# Work item:
Below is a listing; retype exactly the lines between the one containing "AUDI A1 2011" and the one containing "Base Glamp Bruny", inclusive, minus the pictures.

# Available data:
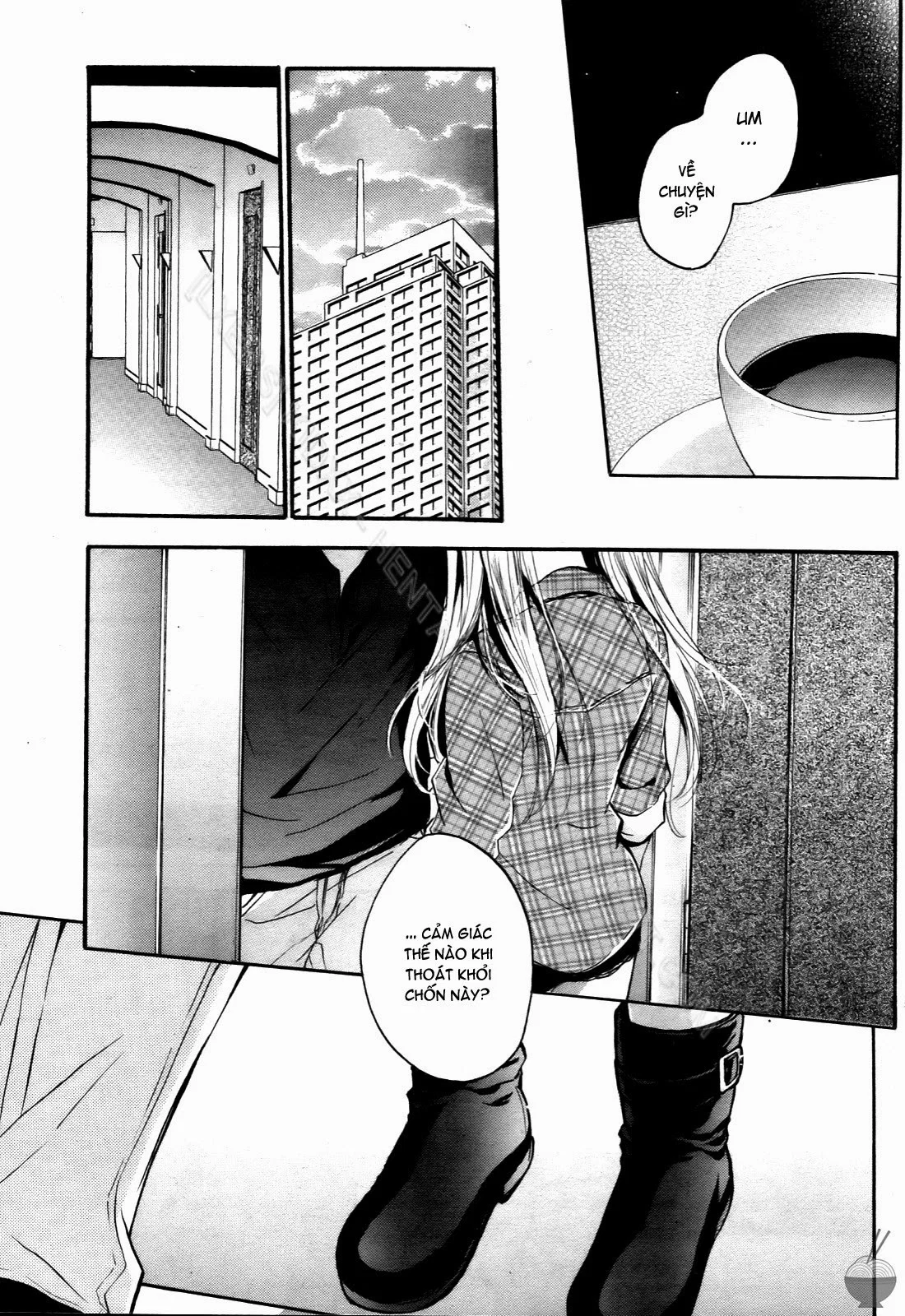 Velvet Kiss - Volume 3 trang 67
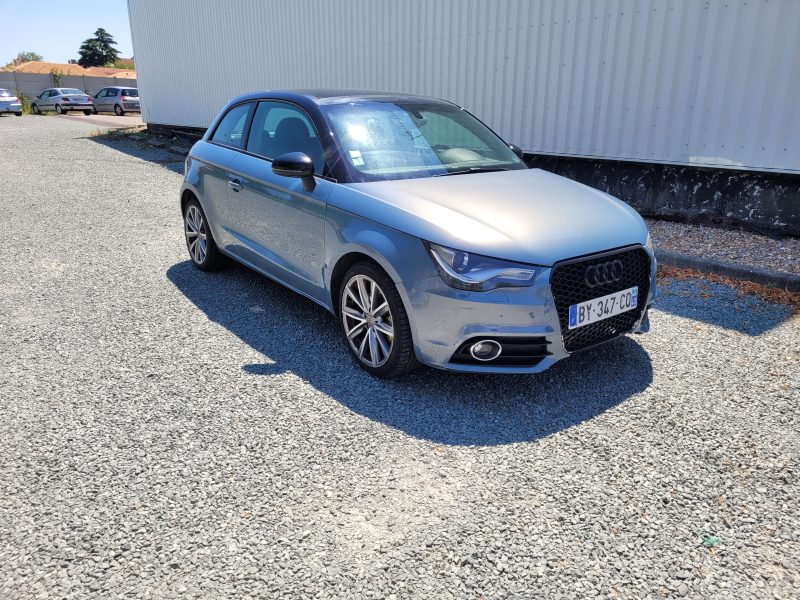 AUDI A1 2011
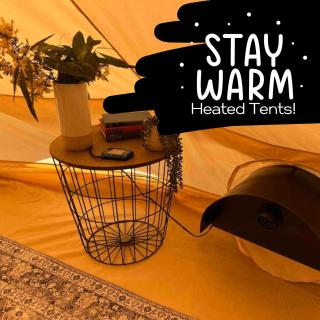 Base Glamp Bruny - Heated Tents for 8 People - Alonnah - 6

* * *

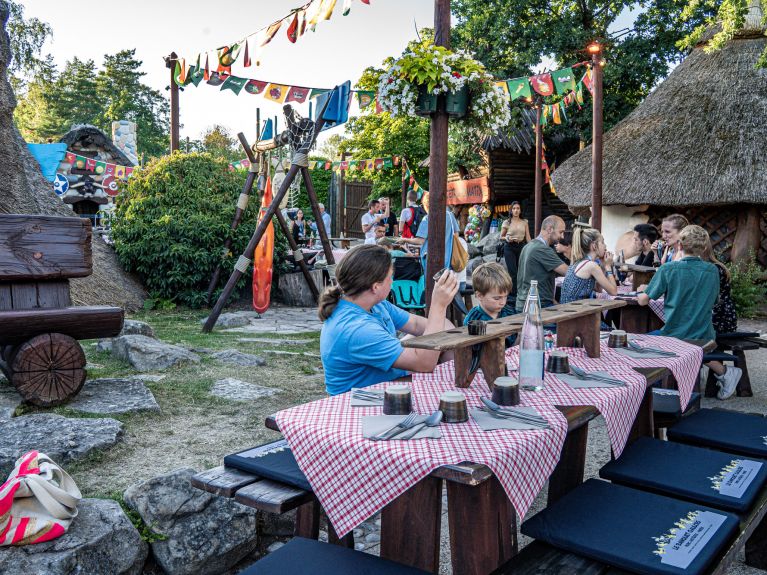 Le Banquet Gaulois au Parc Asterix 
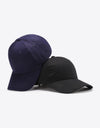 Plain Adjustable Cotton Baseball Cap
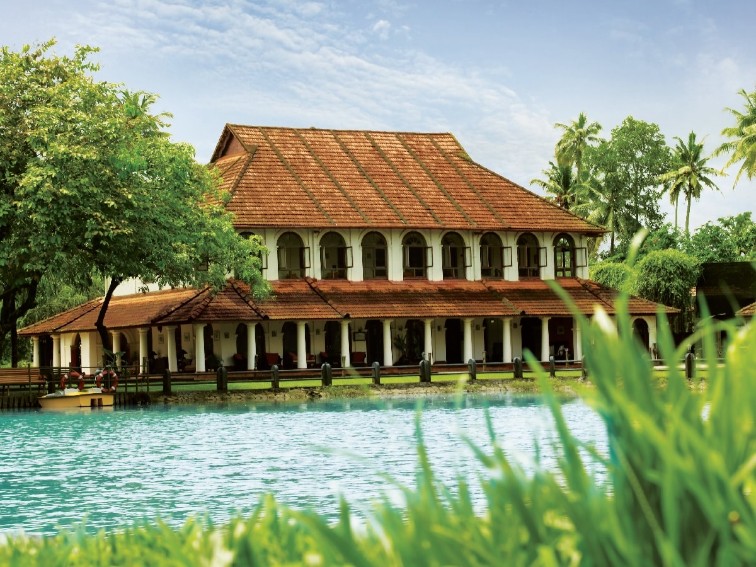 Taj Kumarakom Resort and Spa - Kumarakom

==

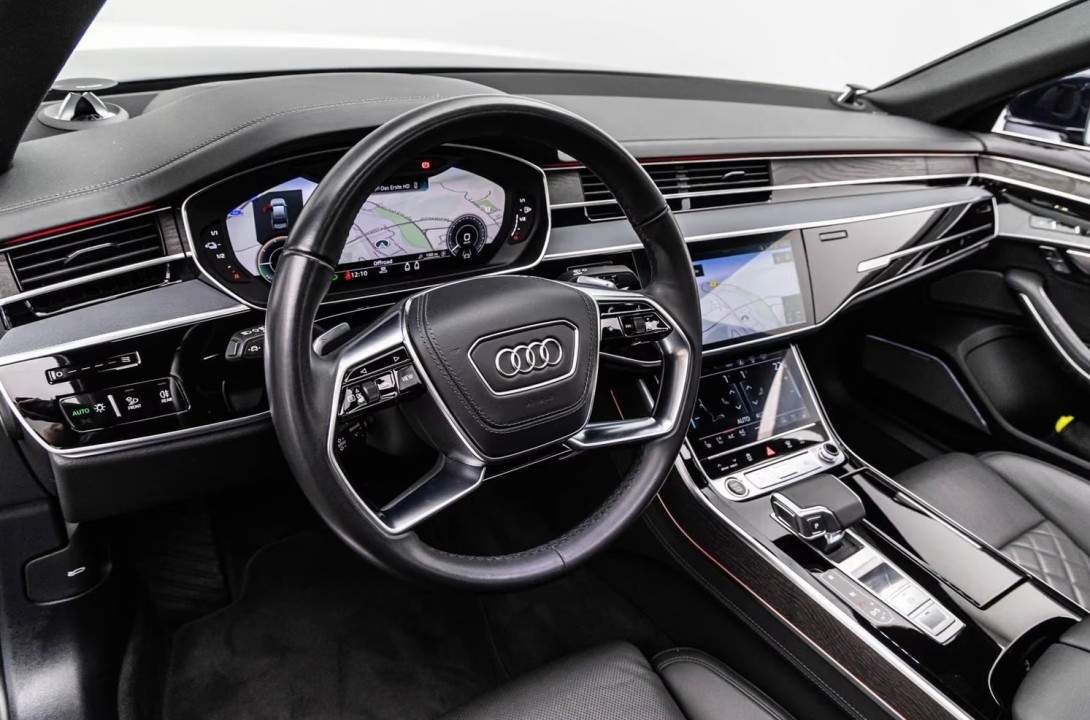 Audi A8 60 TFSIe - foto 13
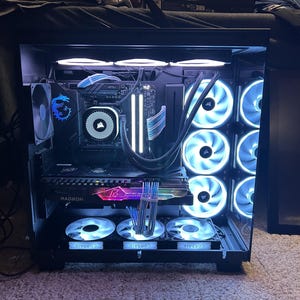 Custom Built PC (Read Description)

# Response to the task:
 AUDI A1 2011
 Base Glamp Bruny - Heated Tents for 8 People - Alonnah - 6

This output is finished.